2 is a state diagram showing an operating state of a so-called thin film probe card according to the prior art.

Figure 3 is a cross-sectional view showing a fine probe and a probe card according to the prior art.

Figure 4a is a cross-sectional view showing a probe according to an embodiment of the present invention

Figure 4b is a plan view showing a probe according to an embodiment of the present invention

4C is a cross-sectional view taken along the line a-a 'of FIG. 4B.

Figure 4d is a state diagram showing the operating state of the probe according to an embodiment of the present invention.

Figure 5a is a cross-sectional view showing a probe according to another embodiment of the present invention

Figure 5b is a plan view showing a probe according to another embodiment of the present invention

5C is a cross-sectional view taken along the line b-b 'of FIG. 5B.

Figure 5d is a state diagram showing the operating state of the probe according to another embodiment of the present invention.

6A-6G are process diagrams in which a probe is prepared by the method of the present invention.

<Details of Drawing>

11: tungsten needle

12: Tungsten Needle Jig

13: contact portion of tungsten needle

14: other end of tungsten needle

15: Tungsten Needle Support

16: circuit board of the probe card

17 wafer defined semiconductor integrated circuit

18: pad of semiconductor integrated circuit device

19: stage of probe equipment

21: support plate

22: support membrane

23: elastomer layer

24: conductive bumper

25: Final connection

26: pad of semiconductor integrated circuit device

27: wafer in which semiconductor integrated circuit is defined

28: stage of probe equipment

31: fine probe

32: glass substrate

33: auxiliary circuit board

34: buffer pad

35: main circuit board

36: wire

41: probe

42: connection between the probe and the probe board

43: probe substrate

44: contact portion of the probe

45: insulation film

46: probe pad

47: conductive metal or alloy

48: semiconductor integrated circuit

49: pad of semiconductor integrated circuit

51: probe

52: connection between the probe and the probe board

53: probe substrate

54: contact portion of the probe

55: through groove

56: insulation film

57: probe pad

58: conductive metal or alloy

59: semiconductor integrated circuit

60: pad of semiconductor integrated circuit

61: Silicon Wafer

62: protective film for silicon etching

63: Probe outline model unit

64: residual silicon film

65 contact of probe

66: surface insulation film

67: probe pad

68: probe contact

69: conductive metal or alloy

70: probe card PCB

71: Probe Card PCB Pads

72: solder ball

In order to achieve the above technical problem, preferred embodiments of the probe, probe manufacturing method and probe card according to the present invention will be described as follows.

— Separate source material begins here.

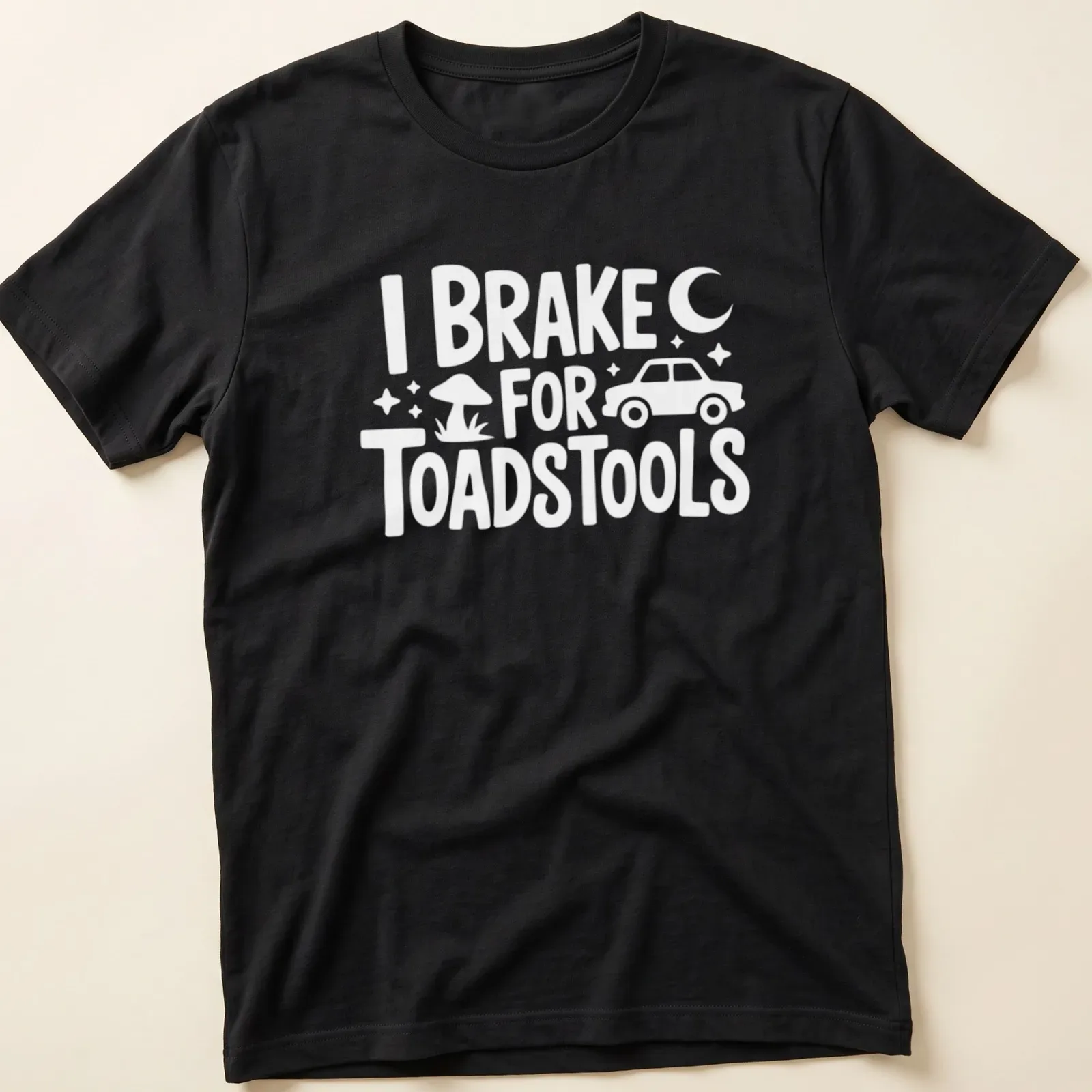 Illustration of red and white toadstools with playful text about braking for them — printed on a unisex t-shirt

As a first embodiment, Figure 4a is a cross-sectional view showing a probe according to the present invention, Figure 4b is a plan view showing a probe of the present invention, Figure 4c is a cross-sectional view showing a cut section of the portion a-a 'of Figure 4b. As shown in these figures above, the probe 41 is formed by selectively etching a portion of a single crystal or polycrystalline silicon wafer, and the probes are formed of a peripheral probe substrate (except for one or more connections 42). It has a shape separate from 43 and the contact portion 44 is formed to protrude more than the other peripheral portions. Both of these probes and probe substrates are formed with an insulating film 45 on its surface. It also includes a portion of the bottom of the probe including protruding contacts and a probe pad 46 formed on the top of the probe and the top of the probe substrate to connect with an external printed circuit board (not shown). The plating is connected to the contact portion and the connection pad is electrically conductive.

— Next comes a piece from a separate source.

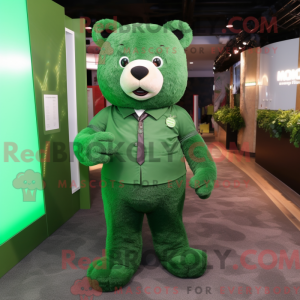 Green Bear mascot costume...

FIG. 4D is a state diagram showing a state in which the prescribed pressure is applied to the probe to contact the pad 49 of the semiconductor integrated circuit device 48.

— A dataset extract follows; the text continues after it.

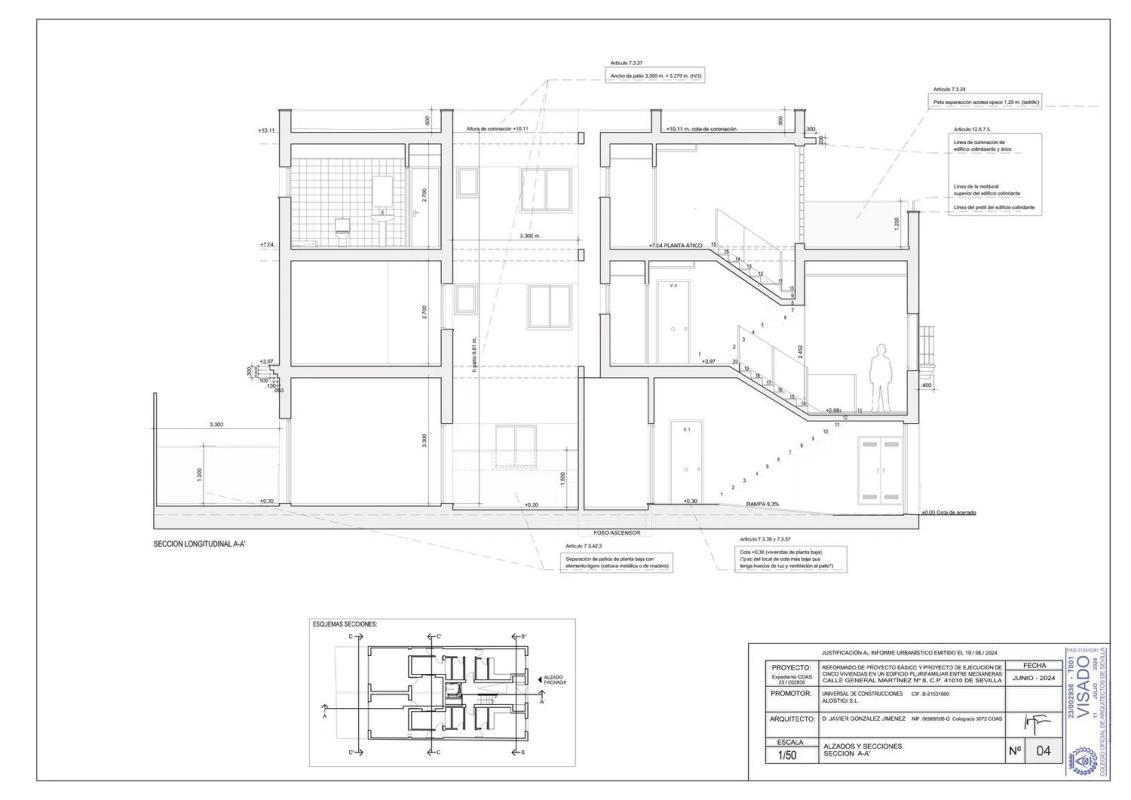 Obra nueva GENERAL MARTINEZ N º 8 en Sevilla (Revista) plan 3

As a second embodiment, Figure 5a is a cross-sectional view showing a probe according to the present invention, Figure 5b is a plan view showing a probe of the present invention, Figure 5c is a cross-sectional view showing a cut section of the portion b-b 'of FIG. As shown in these figures above, the probe 51 is formed by selectively etching a portion of a single crystal or polycrystalline silicon wafer, and the probes are formed of a peripheral probe substrate (except for one or more connections 52). 53 and the contact portion 54 is formed to protrude more than the other peripheral portions, and the groove 55 is formed in the wafer substrate penetrating the upper bottom. The groove size is suitable for several micrometers to hundreds of micrometers, and dozens of micrometers are suitable for subsequent plating steps. All silicon surfaces, including those probes, probe substrates, and through grooves described above, are formed of an insulating film 56. In addition, a metal or a bottom portion of the probe including a protruding contact portion extending therefrom, a portion including a through groove, an inner side wall of the through groove, and a pad portion 57 formed to connect with an external PCB (not shown) on the top of the probe substrate. The alloy 58 is plated and formed so that the contact portion and the connection pad are electrically conductive.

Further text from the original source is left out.